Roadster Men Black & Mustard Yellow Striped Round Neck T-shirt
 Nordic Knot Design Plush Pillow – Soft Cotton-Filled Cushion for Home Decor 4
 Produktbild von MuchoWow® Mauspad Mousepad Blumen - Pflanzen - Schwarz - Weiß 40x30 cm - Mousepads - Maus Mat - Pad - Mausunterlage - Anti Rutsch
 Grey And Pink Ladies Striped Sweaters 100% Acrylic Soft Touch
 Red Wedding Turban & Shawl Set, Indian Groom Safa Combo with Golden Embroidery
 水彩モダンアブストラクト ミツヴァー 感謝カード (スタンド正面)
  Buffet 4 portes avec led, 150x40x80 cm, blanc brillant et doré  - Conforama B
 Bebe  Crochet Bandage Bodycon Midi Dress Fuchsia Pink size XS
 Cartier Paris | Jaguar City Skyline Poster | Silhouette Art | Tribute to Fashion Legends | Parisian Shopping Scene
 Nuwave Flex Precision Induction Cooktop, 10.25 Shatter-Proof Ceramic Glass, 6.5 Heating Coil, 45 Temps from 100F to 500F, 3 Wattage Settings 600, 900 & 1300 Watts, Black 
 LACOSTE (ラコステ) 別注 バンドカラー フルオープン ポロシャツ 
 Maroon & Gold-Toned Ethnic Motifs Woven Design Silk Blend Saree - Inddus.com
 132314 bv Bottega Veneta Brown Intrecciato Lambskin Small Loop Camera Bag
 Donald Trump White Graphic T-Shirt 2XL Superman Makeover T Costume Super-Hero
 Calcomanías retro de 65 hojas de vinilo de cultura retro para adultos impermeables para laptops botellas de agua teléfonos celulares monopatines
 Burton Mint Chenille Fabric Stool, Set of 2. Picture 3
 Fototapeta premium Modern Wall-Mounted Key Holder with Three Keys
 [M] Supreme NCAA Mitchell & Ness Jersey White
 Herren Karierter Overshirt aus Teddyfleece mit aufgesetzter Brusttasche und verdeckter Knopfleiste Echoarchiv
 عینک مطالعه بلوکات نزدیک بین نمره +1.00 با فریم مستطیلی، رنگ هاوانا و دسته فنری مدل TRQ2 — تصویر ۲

···

> [Task directions]: Scan the material above. Extract every line in which the word "Pink" occurs.

> [Result below]:
 Grey And Pink Ladies Striped Sweaters 100% Acrylic Soft Touch
 Bebe  Crochet Bandage Bodycon Midi Dress Fuchsia Pink size XS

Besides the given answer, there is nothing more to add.